» Assigned task:
Every entry needs to be repeated exactly, with nothing left out.
BEGIN
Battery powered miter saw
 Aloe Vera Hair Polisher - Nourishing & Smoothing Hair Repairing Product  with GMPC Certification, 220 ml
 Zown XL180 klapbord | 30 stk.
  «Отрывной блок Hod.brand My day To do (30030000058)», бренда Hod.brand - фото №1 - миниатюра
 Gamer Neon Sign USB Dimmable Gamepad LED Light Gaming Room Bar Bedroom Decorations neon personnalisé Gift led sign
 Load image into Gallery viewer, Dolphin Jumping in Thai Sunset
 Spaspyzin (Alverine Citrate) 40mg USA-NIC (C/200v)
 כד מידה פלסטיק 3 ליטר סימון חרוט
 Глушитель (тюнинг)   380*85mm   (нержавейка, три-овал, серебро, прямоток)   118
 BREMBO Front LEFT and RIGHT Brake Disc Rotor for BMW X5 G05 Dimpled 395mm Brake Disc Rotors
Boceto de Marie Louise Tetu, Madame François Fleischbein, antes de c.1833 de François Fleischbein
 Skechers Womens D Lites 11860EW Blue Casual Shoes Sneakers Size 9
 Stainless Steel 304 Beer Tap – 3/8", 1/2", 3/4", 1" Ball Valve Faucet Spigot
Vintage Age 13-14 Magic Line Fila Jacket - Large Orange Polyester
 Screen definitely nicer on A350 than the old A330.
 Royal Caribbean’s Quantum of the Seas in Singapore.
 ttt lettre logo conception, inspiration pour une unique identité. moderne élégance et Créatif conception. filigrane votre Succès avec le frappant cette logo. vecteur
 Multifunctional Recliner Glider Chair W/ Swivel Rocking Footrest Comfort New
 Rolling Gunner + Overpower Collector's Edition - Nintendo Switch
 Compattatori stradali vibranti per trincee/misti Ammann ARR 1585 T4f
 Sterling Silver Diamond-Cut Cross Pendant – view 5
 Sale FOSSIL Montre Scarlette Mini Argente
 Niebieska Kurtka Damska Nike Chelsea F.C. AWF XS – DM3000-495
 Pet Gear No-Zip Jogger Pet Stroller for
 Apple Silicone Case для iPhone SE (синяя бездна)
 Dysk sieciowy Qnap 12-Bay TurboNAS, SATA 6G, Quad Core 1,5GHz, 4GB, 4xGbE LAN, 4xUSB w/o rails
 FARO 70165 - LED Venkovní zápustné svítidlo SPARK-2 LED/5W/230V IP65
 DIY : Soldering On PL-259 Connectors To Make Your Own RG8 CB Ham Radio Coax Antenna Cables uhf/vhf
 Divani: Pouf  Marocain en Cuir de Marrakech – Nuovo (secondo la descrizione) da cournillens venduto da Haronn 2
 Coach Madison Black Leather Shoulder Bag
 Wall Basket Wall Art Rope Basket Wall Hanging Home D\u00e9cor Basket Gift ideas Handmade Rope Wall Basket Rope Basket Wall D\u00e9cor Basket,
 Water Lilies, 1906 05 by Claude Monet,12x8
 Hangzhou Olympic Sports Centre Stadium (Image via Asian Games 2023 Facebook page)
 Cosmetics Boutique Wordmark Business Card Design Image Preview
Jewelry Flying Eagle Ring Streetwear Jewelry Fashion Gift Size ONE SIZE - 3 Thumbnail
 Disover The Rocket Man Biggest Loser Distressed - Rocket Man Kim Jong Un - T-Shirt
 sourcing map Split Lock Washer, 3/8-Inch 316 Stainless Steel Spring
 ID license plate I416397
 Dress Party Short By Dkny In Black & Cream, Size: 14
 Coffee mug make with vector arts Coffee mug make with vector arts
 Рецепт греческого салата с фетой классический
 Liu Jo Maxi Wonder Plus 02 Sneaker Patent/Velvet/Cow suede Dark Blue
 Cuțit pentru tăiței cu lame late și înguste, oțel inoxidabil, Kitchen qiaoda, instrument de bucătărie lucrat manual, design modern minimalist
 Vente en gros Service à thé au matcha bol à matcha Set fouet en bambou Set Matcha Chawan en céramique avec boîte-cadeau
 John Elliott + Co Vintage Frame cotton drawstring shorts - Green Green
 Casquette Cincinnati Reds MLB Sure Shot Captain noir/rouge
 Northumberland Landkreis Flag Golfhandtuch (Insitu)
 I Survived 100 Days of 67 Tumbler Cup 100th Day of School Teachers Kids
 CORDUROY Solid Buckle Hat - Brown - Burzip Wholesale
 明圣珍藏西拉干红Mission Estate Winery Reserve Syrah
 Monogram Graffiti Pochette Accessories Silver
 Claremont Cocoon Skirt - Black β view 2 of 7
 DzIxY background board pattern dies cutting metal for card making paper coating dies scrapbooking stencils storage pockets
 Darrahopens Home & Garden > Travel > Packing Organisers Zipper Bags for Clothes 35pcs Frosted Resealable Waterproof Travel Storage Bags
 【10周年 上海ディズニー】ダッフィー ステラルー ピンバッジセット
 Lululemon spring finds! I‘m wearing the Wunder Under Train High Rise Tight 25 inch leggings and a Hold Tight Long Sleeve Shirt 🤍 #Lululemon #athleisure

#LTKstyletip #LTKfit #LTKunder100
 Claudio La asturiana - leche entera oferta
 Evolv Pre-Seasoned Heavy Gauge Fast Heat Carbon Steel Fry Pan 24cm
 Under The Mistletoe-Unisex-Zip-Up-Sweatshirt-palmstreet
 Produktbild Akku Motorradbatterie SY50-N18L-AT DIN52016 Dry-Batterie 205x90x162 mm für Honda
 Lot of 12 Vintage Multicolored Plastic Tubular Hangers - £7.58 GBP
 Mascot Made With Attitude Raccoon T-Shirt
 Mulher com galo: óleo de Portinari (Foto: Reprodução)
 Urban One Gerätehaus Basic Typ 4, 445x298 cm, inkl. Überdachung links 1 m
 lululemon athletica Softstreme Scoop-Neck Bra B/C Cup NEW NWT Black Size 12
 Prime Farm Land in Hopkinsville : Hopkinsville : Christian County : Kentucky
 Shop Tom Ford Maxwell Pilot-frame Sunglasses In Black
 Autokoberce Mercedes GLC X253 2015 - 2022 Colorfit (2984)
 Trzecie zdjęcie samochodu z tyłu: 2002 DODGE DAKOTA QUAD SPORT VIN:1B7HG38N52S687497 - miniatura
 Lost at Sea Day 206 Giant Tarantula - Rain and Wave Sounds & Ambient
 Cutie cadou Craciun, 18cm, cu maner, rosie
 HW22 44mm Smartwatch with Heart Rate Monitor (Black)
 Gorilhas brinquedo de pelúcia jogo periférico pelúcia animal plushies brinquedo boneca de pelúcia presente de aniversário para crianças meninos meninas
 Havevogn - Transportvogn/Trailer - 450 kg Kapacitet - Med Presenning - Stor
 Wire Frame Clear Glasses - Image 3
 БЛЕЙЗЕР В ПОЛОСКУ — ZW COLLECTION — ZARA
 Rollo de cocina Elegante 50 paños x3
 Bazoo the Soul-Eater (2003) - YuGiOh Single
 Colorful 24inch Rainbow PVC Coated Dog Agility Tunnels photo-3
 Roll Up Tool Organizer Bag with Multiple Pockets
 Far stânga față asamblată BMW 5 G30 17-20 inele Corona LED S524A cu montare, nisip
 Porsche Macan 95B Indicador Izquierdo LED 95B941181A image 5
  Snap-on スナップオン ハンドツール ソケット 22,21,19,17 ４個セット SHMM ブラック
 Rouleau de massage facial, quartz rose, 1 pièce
END
» Final answer:
Battery powered miter saw
 Aloe Vera Hair Polisher - Nourishing & Smoothing Hair Repairing Product  with GMPC Certification, 220 ml
 Zown XL180 klapbord | 30 stk.
  «Отрывной блок Hod.brand My day To do (30030000058)», бренда Hod.brand - фото №1 - миниатюра
 Gamer Neon Sign USB Dimmable Gamepad LED Light Gaming Room Bar Bedroom Decorations neon personnalisé Gift led sign
 Load image into Gallery viewer, Dolphin Jumping in Thai Sunset
 Spaspyzin (Alverine Citrate) 40mg USA-NIC (C/200v)
 כד מידה פלסטיק 3 ליטר סימון חרוט
 Глушитель (тюнинг)   380*85mm   (нержавейка, три-овал, серебро, прямоток)   118
 BREMBO Front LEFT and RIGHT Brake Disc Rotor for BMW X5 G05 Dimpled 395mm Brake Disc Rotors
Boceto de Marie Louise Tetu, Madame François Fleischbein, antes de c.1833 de François Fleischbein
 Skechers Womens D Lites 11860EW Blue Casual Shoes Sneakers Size 9
 Stainless Steel 304 Beer Tap – 3/8", 1/2", 3/4", 1" Ball Valve Faucet Spigot
Vintage Age 13-14 Magic Line Fila Jacket - Large Orange Polyester
 Screen definitely nicer on A350 than the old A330.
 Royal Caribbean’s Quantum of the Seas in Singapore.
 ttt lettre logo conception, inspiration pour une unique identité. moderne élégance et Créatif conception. filigrane votre Succès avec le frappant cette logo. vecteur
 Multifunctional Recliner Glider Chair W/ Swivel Rocking Footrest Comfort New
 Rolling Gunner + Overpower Collector's Edition - Nintendo Switch
 Compattatori stradali vibranti per trincee/misti Ammann ARR 1585 T4f
 Sterling Silver Diamond-Cut Cross Pendant – view 5
 Sale FOSSIL Montre Scarlette Mini Argente
 Niebieska Kurtka Damska Nike Chelsea F.C. AWF XS – DM3000-495
 Pet Gear No-Zip Jogger Pet Stroller for
 Apple Silicone Case для iPhone SE (синяя бездна)
 Dysk sieciowy Qnap 12-Bay TurboNAS, SATA 6G, Quad Core 1,5GHz, 4GB, 4xGbE LAN, 4xUSB w/o rails
 FARO 70165 - LED Venkovní zápustné svítidlo SPARK-2 LED/5W/230V IP65
 DIY : Soldering On PL-259 Connectors To Make Your Own RG8 CB Ham Radio Coax Antenna Cables uhf/vhf
 Divani: Pouf  Marocain en Cuir de Marrakech – Nuovo (secondo la descrizione) da cournillens venduto da Haronn 2
 Coach Madison Black Leather Shoulder Bag
 Wall Basket Wall Art Rope Basket Wall Hanging Home D\u00e9cor Basket Gift ideas Handmade Rope Wall Basket Rope Basket Wall D\u00e9cor Basket,
 Water Lilies, 1906 05 by Claude Monet,12x8
 Hangzhou Olympic Sports Centre Stadium (Image via Asian Games 2023 Facebook page)
 Cosmetics Boutique Wordmark Business Card Design Image Preview
Jewelry Flying Eagle Ring Streetwear Jewelry Fashion Gift Size ONE SIZE - 3 Thumbnail
 Disover The Rocket Man Biggest Loser Distressed - Rocket Man Kim Jong Un - T-Shirt
 sourcing map Split Lock Washer, 3/8-Inch 316 Stainless Steel Spring
 ID license plate I416397
 Dress Party Short By Dkny In Black & Cream, Size: 14
 Coffee mug make with vector arts Coffee mug make with vector arts
 Рецепт греческого салата с фетой классический
 Liu Jo Maxi Wonder Plus 02 Sneaker Patent/Velvet/Cow suede Dark Blue
 Cuțit pentru tăiței cu lame late și înguste, oțel inoxidabil, Kitchen qiaoda, instrument de bucătărie lucrat manual, design modern minimalist
 Vente en gros Service à thé au matcha bol à matcha Set fouet en bambou Set Matcha Chawan en céramique avec boîte-cadeau
 John Elliott + Co Vintage Frame cotton drawstring shorts - Green Green
 Casquette Cincinnati Reds MLB Sure Shot Captain noir/rouge
 Northumberland Landkreis Flag Golfhandtuch (Insitu)
 I Survived 100 Days of 67 Tumbler Cup 100th Day of School Teachers Kids
 CORDUROY Solid Buckle Hat - Brown - Burzip Wholesale
 明圣珍藏西拉干红Mission Estate Winery Reserve Syrah
 Monogram Graffiti Pochette Accessories Silver
 Claremont Cocoon Skirt - Black β view 2 of 7
 DzIxY background board pattern dies cutting metal for card making paper coating dies scrapbooking stencils storage pockets
 Darrahopens Home & Garden > Travel > Packing Organisers Zipper Bags for Clothes 35pcs Frosted Resealable Waterproof Travel Storage Bags
 【10周年 上海ディズニー】ダッフィー ステラルー ピンバッジセット
 Lululemon spring finds! I‘m wearing the Wunder Under Train High Rise Tight 25 inch leggings and a Hold Tight Long Sleeve Shirt 🤍 #Lululemon #athleisure

#LTKstyletip #LTKfit #LTKunder100
 Claudio La asturiana - leche entera oferta
 Evolv Pre-Seasoned Heavy Gauge Fast Heat Carbon Steel Fry Pan 24cm
 Under The Mistletoe-Unisex-Zip-Up-Sweatshirt-palmstreet
 Produktbild Akku Motorradbatterie SY50-N18L-AT DIN52016 Dry-Batterie 205x90x162 mm für Honda
 Lot of 12 Vintage Multicolored Plastic Tubular Hangers - £7.58 GBP
 Mascot Made With Attitude Raccoon T-Shirt
 Mulher com galo: óleo de Portinari (Foto: Reprodução)
 Urban One Gerätehaus Basic Typ 4, 445x298 cm, inkl. Überdachung links 1 m
 lululemon athletica Softstreme Scoop-Neck Bra B/C Cup NEW NWT Black Size 12
 Prime Farm Land in Hopkinsville : Hopkinsville : Christian County : Kentucky
 Shop Tom Ford Maxwell Pilot-frame Sunglasses In Black
 Autokoberce Mercedes GLC X253 2015 - 2022 Colorfit (2984)
 Trzecie zdjęcie samochodu z tyłu: 2002 DODGE DAKOTA QUAD SPORT VIN:1B7HG38N52S687497 - miniatura
 Lost at Sea Day 206 Giant Tarantula - Rain and Wave Sounds & Ambient
 Cutie cadou Craciun, 18cm, cu maner, rosie
 HW22 44mm Smartwatch with Heart Rate Monitor (Black)
 Gorilhas brinquedo de pelúcia jogo periférico pelúcia animal plushies brinquedo boneca de pelúcia presente de aniversário para crianças meninos meninas
 Havevogn - Transportvogn/Trailer - 450 kg Kapacitet - Med Presenning - Stor
 Wire Frame Clear Glasses - Image 3
 БЛЕЙЗЕР В ПОЛОСКУ — ZW COLLECTION — ZARA
 Rollo de cocina Elegante 50 paños x3
 Bazoo the Soul-Eater (2003) - YuGiOh Single
 Colorful 24inch Rainbow PVC Coated Dog Agility Tunnels photo-3
 Roll Up Tool Organizer Bag with Multiple Pockets
 Far stânga față asamblată BMW 5 G30 17-20 inele Corona LED S524A cu montare, nisip
 Porsche Macan 95B Indicador Izquierdo LED 95B941181A image 5
  Snap-on スナップオン ハンドツール ソケット 22,21,19,17 ４個セット SHMM ブラック
 Rouleau de massage facial, quartz rose, 1 pièce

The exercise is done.